For some, cold turkey quitting works. But for me - I still want to use it to connect with friends. I still want the 'social' bit. And I'm still completely addicted to my phone, and extricating myself from that isn't a priority right this moment. So what to do?
I have a suggestion. Take anything that works. Ignore the rest.
My strategy is to make social media about beauty.
If it's not beautiful and it doesn't make you feel beautiful (or inspired, or lit up, or alive), that's not a sign that YOU are wrong, it's a sign that whatever you're engaging with is wrong for you.
I'll tell you a secret. I spend a fair bit of my time on social media scrolling through my own feed, looking at my own photos. Reliving my own beautiful moments.
I do this because I use my social media not to present a falsely perfect picture of my life, but like a photo album, a place to put photos of cool stuff so I can look back on it later and remember it and smile. It's definitely the highlight reel. If my life was just what I share online, it looks like I live in the creek drinking cacao (honestly, I often wish I COULD live in the creek. Must work on growing gills) and when I'm not in the creek I'm making art, drawing things, road tripping through beautiful places or up to some other amazing thing and it's all sunshine and rainbows and birds.
The highlight reel. The part that back in the day, would have been a slide show projected on a wall or an album on a shelf labelled 'what I did on my holidays'. Those are the bits of my life that make for the prettiest photos. And it's true - I do spend a lot of time at the creek. But it's also true that I don't take photos of the darker bits of my life.
Not because I'm sweeping them under the rug in an attempt to bypass the challenging bits. Not because I'm trying to present a particular face to the world and make out like my life is perfect. But because for me, Facebook isn't the place for my darkness.
Because my darkness can be beautiful, but first it needs to be dark. Spiky. Hard. Confusing.
First my darkness needs to hang out in the dark. I need to live with it and get curious about it and roll around in it and find ways to greet it, accept it, maybe even love it. And then, when I get through it, when it feels softer, less intense, when it's mellowed into a different, sweeter kind of pain, then I can use it as fuel for creating beauty. Inspiration for art, for writing, for song. It's a special kind of alchemy that happens privately. The results - the art, the stories, the insights - those I might share, when they're ready.
Darkness needs its own time and space, it needs kindness and a few trusted folk as a witness, and Facebook isn't much good at any of those things.

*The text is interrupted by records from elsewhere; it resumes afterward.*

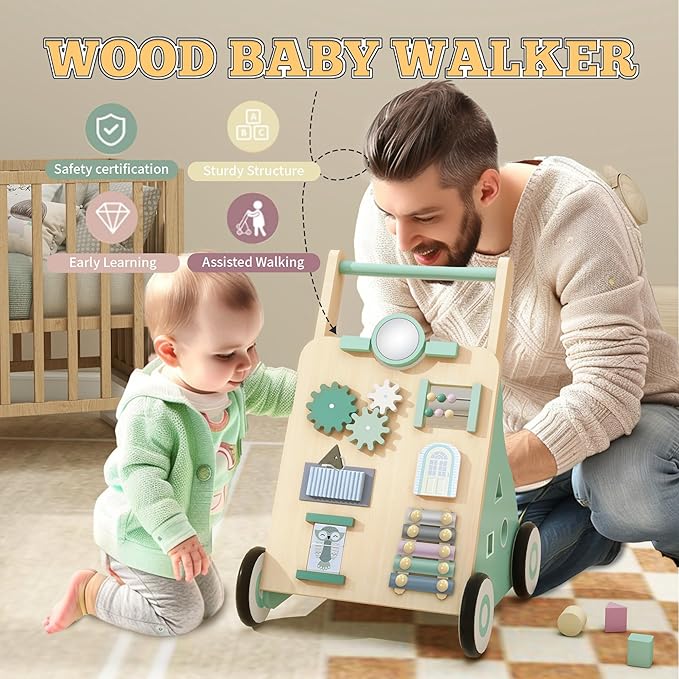Wooden Baby Walker, Wood Push Walker Adjustable Height and Speed Multiple Learning Activity Walker Baby Walker with Wheels for Girls 6-12 Months, Green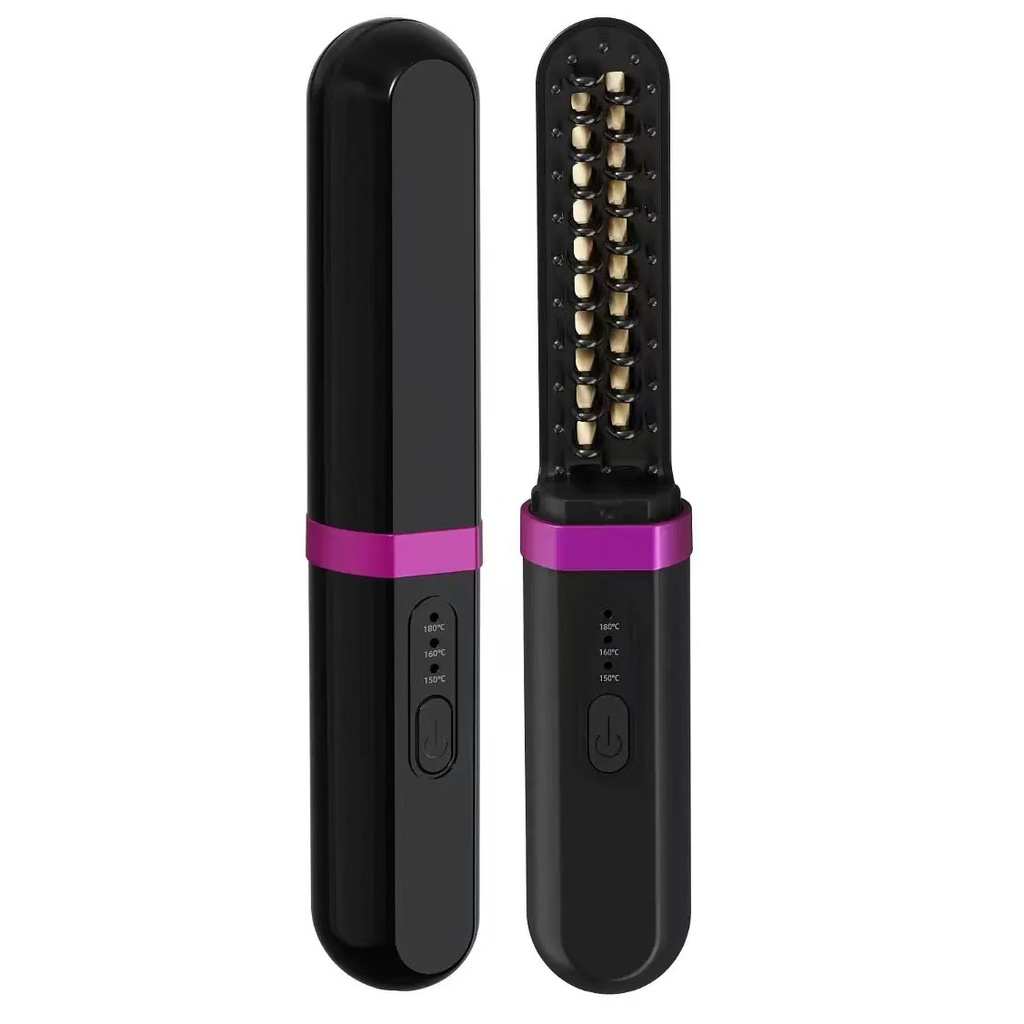 [NMK29] Mini Cepillo Alisador Portatil Recargable Viajero Tapa Negro Fucsia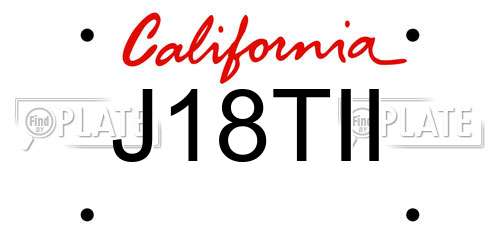 J18TII California License Plate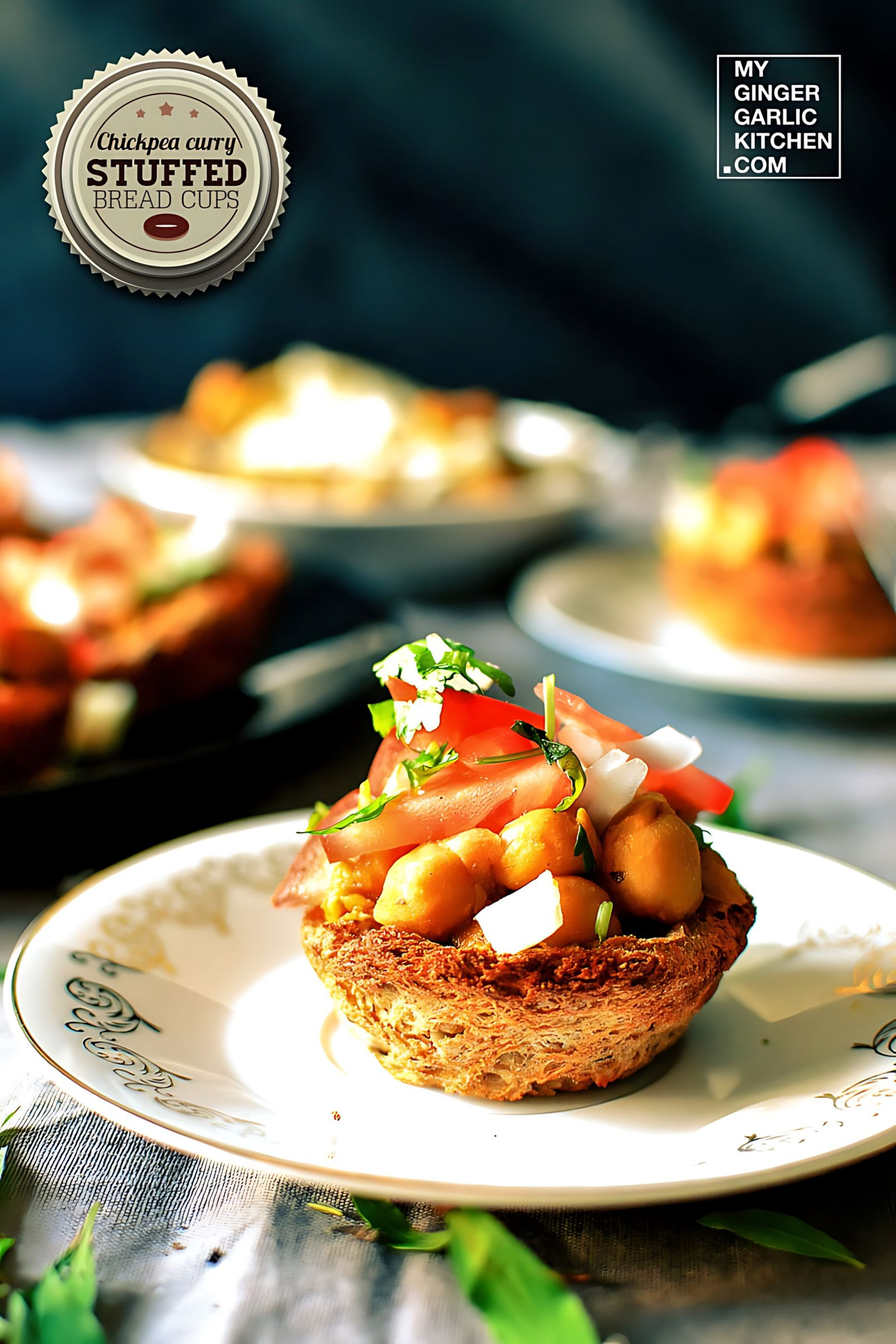 Chickpea Curry Stuffed Crispy Bread Cups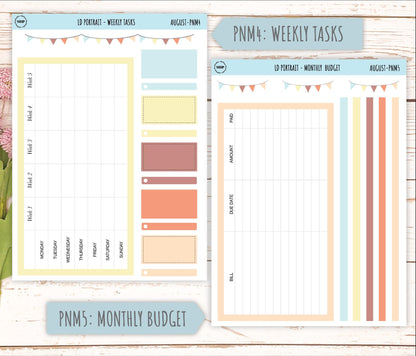 AUGUST Stickers for The Scout Laurel Denise Planner (formerly Portrait Planner). Neutral Color || PN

Also, in the service of beauty - judiciously unfollow everyone on all social media that doesn't inspire you in a way that feels helpful. My feed is mostly artists making beauty now. Mostly I scroll and feel inspired, awed at some of the things people create.
But… what about keeping informed of world events/ what other people in your industry are doing/ etc?
What about it? There are other sources of news than scrolling through trauma porn in the guise of 'staying informed'. Find a few sources that are committed to unbiased information over sensationalism and get it from there. Get on people's mailing lists if you want to stay connected with them.
For me, social media is about beauty. It's imperfect. I still see plenty of ads that make me feel like I really need to buy a new wardrobe and an exercise app. But I keep remembering that if it's not beautiful, and it doesn't make me feel beautiful, then it's not for me.
And that helps.
I hope this rant helps, too.
The attention grabbing social media beast is hungry, but you can make yourself taste like shit so it doesn't want to eat you.
Fill your mind with beauty, until there is no room for monsters.